MATERIAL PROVIDED: Begin

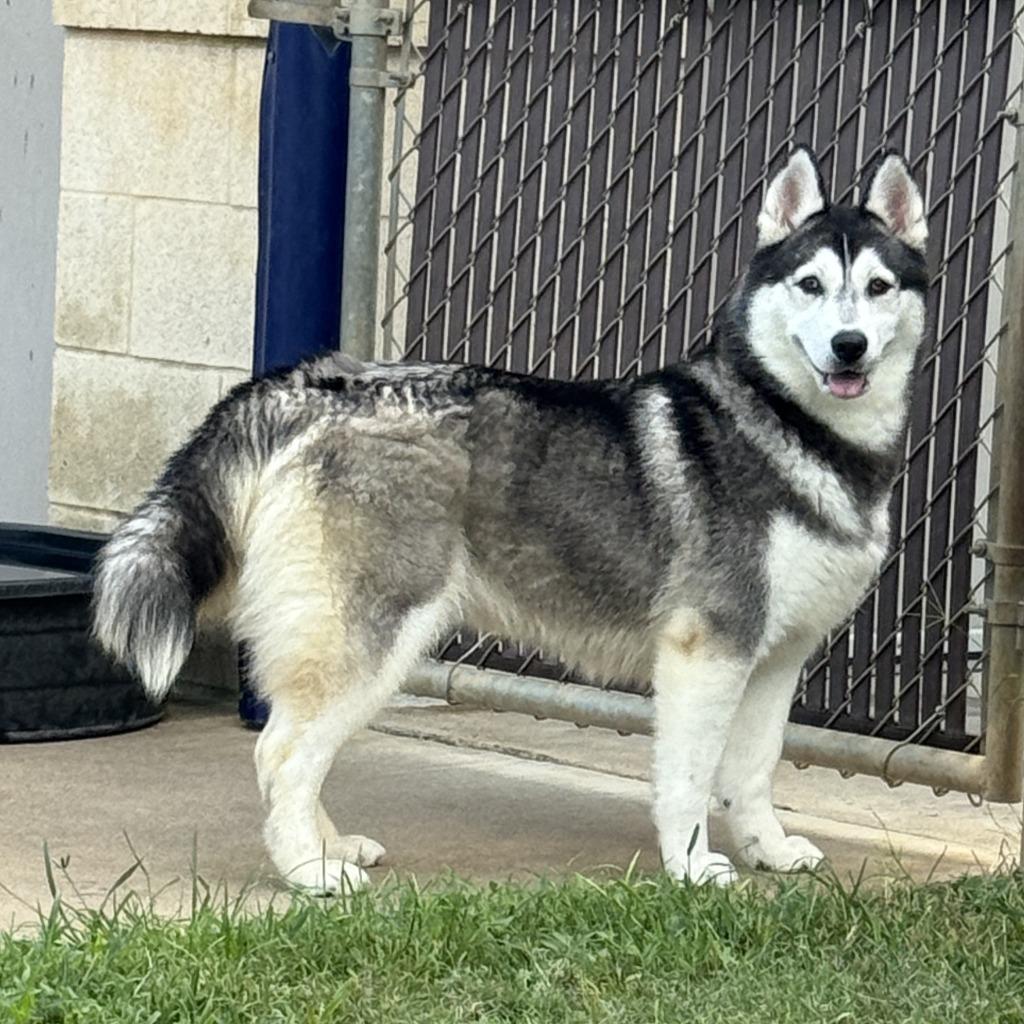 Enlarge Freya, a Adoptable Husky in Brenham, TX image 5/6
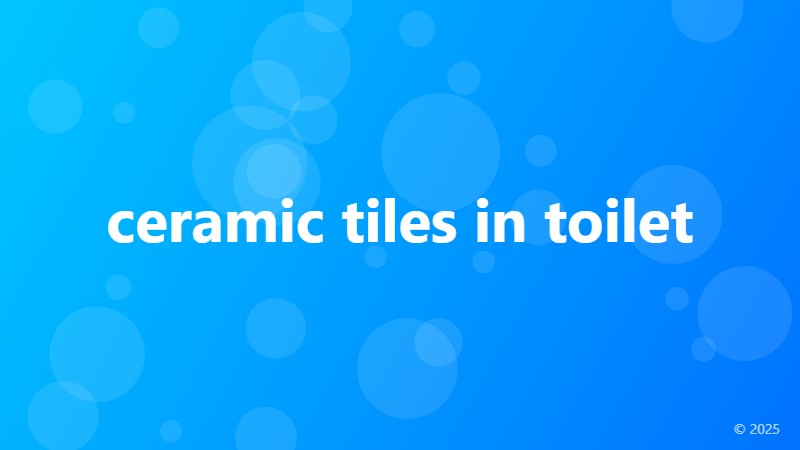 ceramic tiles in toilet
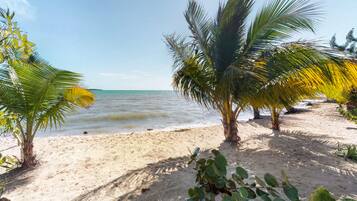 Playa en los alrededores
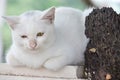 Sad Cat lying on a pole and old dry tree Royalty Free Stock Photo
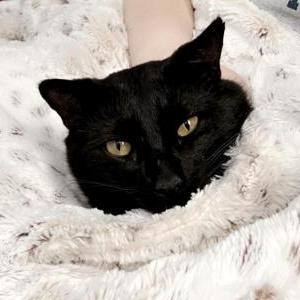 Image of Salem, Lost Cat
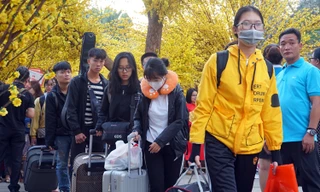 Thêm nhiều trường đại học tặng vé xe về Tết cho sinh viên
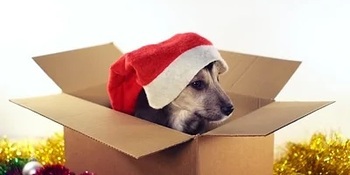 kerstdoos dogbite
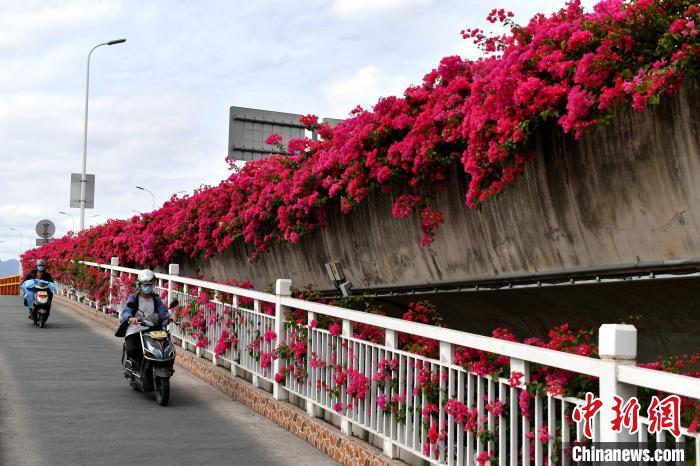 福州:三角梅绽放扮靓立交桥|立交桥|福州市_新浪新闻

MATERIAL PROVIDED: End

Every last line above must be reproduced as written, and no pictures belong in the copy.

 Enlarge Freya, a Adoptable Husky in Brenham, TX image 5/6
 ceramic tiles in toilet
 Playa en los alrededores
 Sad Cat lying on a pole and old dry tree Royalty Free Stock Photo
 Image of Salem, Lost Cat
 Thêm nhiều trường đại học tặng vé xe về Tết cho sinh viên
 kerstdoos dogbite
 福州:三角梅绽放扮靓立交桥|立交桥|福州市_新浪新闻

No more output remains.